Tendemos a dar dos interpretaciones complementarias a estos datos: como una señal de rechazo generalizado a la clase política y en particular a los partidos políticos, que no representan, no convocan, no interesan y como manifestación de la creciente distancia entre la actividad política y la ciudadanía.
Como si ambas interpretaciones fueran lo mismo o parte de un mismo fenómeno. Como si en ambos casos el corolario fuera que los chilenos estamos hartos de la política.
Me pregunto, ¿qué menos hartos de la política que miles de jóvenes reivindicando el derecho a la educación pública; que cerca de un 80% de la población adhiriendo a esta causa; que grupos importantes de mujeres influyendo sobre el debate acerca del postnatal; que usuarios del sistema público de transporte bloqueando espontáneamente las calles para reclamar por la calidad del servicio; o que ciudadanos expresando su indignación con las ganancias de las Isapres y la rentabilidad de sus fondos de pensiones?
La creciente distancia entre la ciudadanía y la actividad política no es tal. La desafección es con nuestra clase política y con una forma elitista y cerrada de hacer las cosas, no con la política.
Siempre me ha llamado la atención esa comprensión casi generalizada de la política únicamente como la actividad de los partidos, los cupos, los votos, los cargos y –con algo de suerte- los proyectos.
En el escenario actual esta comprensión me parece particularmente estrecha: los políticos y el gobierno a un lado, “haciendo política”, y las múltiples manifestaciones ciudadanas en otro, “¿hartos de la política?”
No hay nada más político que la preocupación por lo público que hoy expresa la ciudadanía, ni mejor manera de construir proyectos colectivos que a partir de las demandas, propuestas y reivindicaciones ciudadanas.
Por eso me resulta particularmente absurdo cuando, por ejemplo, se acusa la politización del movimiento estudiantil, como si fuera posible levantar alternativas de política pública desde un lugar distinto de la política.

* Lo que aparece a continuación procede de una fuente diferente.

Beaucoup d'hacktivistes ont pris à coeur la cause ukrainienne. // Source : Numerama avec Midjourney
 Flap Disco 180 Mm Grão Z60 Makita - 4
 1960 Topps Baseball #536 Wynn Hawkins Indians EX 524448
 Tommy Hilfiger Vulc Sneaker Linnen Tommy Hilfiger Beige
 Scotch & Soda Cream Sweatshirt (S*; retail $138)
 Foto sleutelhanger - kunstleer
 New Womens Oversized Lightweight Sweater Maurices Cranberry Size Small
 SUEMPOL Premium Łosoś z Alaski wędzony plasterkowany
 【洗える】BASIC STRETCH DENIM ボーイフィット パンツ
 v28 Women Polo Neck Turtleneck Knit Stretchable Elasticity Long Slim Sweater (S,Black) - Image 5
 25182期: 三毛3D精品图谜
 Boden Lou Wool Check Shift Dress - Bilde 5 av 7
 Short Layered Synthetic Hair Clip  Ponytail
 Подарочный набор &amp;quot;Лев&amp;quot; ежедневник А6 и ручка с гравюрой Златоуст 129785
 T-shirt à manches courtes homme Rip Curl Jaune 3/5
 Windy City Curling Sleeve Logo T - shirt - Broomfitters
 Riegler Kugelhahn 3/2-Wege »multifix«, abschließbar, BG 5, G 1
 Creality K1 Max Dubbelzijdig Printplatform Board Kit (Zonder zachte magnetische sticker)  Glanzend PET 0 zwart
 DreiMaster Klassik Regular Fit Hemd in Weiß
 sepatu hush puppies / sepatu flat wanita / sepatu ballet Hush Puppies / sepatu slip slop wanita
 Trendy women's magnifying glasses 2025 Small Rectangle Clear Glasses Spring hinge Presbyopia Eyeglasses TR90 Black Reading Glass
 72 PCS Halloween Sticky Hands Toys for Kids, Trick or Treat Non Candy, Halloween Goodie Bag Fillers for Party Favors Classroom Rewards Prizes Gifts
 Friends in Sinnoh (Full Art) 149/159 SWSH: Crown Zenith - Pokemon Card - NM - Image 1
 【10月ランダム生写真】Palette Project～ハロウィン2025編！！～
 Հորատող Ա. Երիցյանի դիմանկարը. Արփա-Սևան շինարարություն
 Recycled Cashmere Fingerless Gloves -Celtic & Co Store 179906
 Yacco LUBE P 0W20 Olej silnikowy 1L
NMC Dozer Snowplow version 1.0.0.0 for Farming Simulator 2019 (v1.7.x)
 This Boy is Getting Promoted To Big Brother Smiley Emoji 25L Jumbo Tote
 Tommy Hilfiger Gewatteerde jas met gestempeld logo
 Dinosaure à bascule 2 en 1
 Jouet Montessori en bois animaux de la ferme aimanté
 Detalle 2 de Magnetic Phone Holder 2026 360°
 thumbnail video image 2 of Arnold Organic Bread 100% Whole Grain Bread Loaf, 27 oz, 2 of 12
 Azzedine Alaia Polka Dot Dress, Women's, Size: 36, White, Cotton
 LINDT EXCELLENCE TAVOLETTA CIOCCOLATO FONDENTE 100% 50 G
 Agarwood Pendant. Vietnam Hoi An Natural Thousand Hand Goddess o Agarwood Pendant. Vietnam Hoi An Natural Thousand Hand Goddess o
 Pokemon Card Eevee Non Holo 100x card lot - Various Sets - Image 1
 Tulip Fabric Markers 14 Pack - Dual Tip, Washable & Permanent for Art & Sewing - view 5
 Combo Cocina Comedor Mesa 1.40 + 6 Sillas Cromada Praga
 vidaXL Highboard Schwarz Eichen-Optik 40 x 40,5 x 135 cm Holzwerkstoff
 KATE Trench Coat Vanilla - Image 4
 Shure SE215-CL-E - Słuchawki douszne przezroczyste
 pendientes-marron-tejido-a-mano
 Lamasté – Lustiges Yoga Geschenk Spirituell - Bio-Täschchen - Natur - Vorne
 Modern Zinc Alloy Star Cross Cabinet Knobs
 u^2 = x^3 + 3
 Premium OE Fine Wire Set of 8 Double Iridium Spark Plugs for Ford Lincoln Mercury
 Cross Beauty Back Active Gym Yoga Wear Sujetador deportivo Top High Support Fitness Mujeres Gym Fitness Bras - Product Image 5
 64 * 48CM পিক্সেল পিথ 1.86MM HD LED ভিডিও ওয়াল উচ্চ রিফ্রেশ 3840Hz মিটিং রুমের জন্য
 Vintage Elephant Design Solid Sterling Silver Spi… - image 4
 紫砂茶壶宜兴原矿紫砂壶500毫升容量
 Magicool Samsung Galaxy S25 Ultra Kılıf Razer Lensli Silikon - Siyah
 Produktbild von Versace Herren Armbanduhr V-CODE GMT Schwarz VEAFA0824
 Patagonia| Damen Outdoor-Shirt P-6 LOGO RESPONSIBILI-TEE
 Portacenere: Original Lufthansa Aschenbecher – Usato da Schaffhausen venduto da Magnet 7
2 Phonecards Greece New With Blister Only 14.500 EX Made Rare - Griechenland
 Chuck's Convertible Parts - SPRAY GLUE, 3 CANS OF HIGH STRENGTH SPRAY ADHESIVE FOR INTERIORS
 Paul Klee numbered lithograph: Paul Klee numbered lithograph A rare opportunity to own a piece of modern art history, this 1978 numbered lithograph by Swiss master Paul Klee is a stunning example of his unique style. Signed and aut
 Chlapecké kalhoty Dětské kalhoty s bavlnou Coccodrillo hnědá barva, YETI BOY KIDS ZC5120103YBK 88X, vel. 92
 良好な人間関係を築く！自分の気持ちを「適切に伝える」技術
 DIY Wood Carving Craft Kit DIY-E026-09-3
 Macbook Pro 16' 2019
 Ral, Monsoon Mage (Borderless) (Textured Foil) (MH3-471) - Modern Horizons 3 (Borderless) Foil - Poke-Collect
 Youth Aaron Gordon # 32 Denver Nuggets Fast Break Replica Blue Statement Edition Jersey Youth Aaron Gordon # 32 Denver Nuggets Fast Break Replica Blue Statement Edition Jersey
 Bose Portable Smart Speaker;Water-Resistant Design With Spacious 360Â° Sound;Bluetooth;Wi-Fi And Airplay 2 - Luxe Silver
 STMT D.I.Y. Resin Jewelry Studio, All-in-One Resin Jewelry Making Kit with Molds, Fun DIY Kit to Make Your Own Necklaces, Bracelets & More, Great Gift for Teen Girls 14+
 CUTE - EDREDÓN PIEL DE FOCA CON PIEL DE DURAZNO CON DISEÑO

O cuando se hace pasar la discusión del presupuesto o de un eventual proyecto de reforma tributaria por discusiones técnicas, como si en su contenido no se jugara buena parte del proyecto de sociedad que hoy los ciudadanos se empeñan en contribuir a construir.
Escribo estas reflexiones especialmente motivada por los comentarios a mi columna anterior, donde me preguntaba por las causas del despertar ciudadano.
Varios de ellos aludían al descrédito de la política, “viejos mañosos”, “traición”, “falta de lucidez”.
Yo buscaba poner el foco en los ciudadanos, pero el debate siempre nos devuelve a los políticos y nos muestra que de lo que estamos hartos es de una forma particular de (hacer) política.